How to recover from losing all your money? ›

5 steps to help you recover from a financial setback
  1. You can succeed. Accept the reality of your challenge and handle it quickly and aggressively. ...
  2. Know your financial resources. ...
  3. Set up a budget and prioritize expenses. ...
  4. Take action now. ...
  5. Seek out professional help.

How much should a 70 year old have in the stock market? ›

Indeed, a good mix of equities (yes, even at age 70), bonds and cash can help you achieve long-term success, pros say. One rough rule of thumb is that the percentage of your money invested in stocks should equal 110 minus your age, which in your case would be 40%. The rest should be in bonds and cash.

Should an 80 year old be in the stock market? ›

At age 70 to 79, consider a moderately conservative portfolio with 40% in stocks. At age 80 and above, be conservative and limit your stock holdings to 20%.

Should seniors get out of the stock market? ›

2. Manage Your Retirement Resources Carefully. While retirees should in most cases be in the stock market, it can be so volatile in times of economic uncertainty. It's always wise to secure other ways to maximize your retirement resources so you don't find yourself in an unpleasant situation.

What will happen to the stock market in 2024? ›

The survey's median projection is for the S&P 500 to finish 2024 at 5,606, almost 3% above Friday's close. That's a cheerier view than Wall Street strategists' median target , which is for the index to be little changed from current levels at year-end.

Should I pull my money out of the stock market? ›

Unlike the rapidly dwindling balance in your brokerage account, cash will still be in your pocket or in your bank account in the morning. However, while moving to cash might feel good mentally and help you avoid short-term stock market volatility, it is unlikely to be a wise move over the long term.

Which stock will boom in 2024? ›

5 best stocks to buy
S.No.Top 5 StocksIndustry/Sector
1.Shriram FinanceNBFC
2.SBI Life InsuranceInsurance
3.Axis BankBanking
4.Mahindra & MahindraAuto
1 more row
Jun 17, 2024

How to recover lost money in the stock market? ›

How to Recover From a Big Trading Loss
  1. Learn from your mistakes. Traders need to be able to recognize their strengths and weaknesses—and plan around them. ...
  2. Keep a trade log. ...
  3. Write it off. ...
  4. Slowly start to rebuild. ...
  5. Scale up and scale down. ...
  6. Use limit and stop orders.
Mar 11, 2024

Do I get money back if I lost money in stock market? ›

Your claimed capital losses will come off your taxable income, reducing your tax bill. Your maximum net capital loss in any tax year is $3,000. The IRS limits your net loss to $3,000 (for individuals and married filing jointly) or $1,500 (for married filing separately).

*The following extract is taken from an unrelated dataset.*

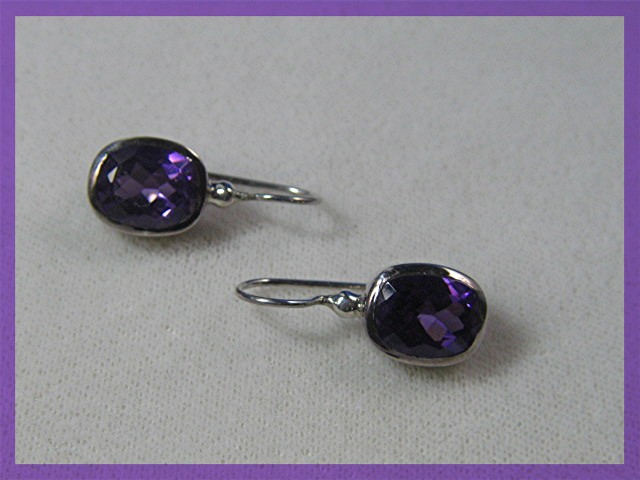 Sterling Silver Amethyst Wire Loop Earrings 8 CT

Can you permanently lose money in stocks? ›

Someone holding a long position (owns the stock) is, of course, hoping the investment will appreciate. A drop in price to zero means the investor loses his or her entire investment: a return of -100%. To summarize, yes, a stock can lose its entire value.

Should I take all my money out of stocks? ›

Key Takeaways. While holding or moving to cash might feel good mentally and help avoid short-term stock market volatility, it is unlikely to be wise over the long term. Once you cash out a stock that's dropped in price, you move from a paper loss to an actual loss.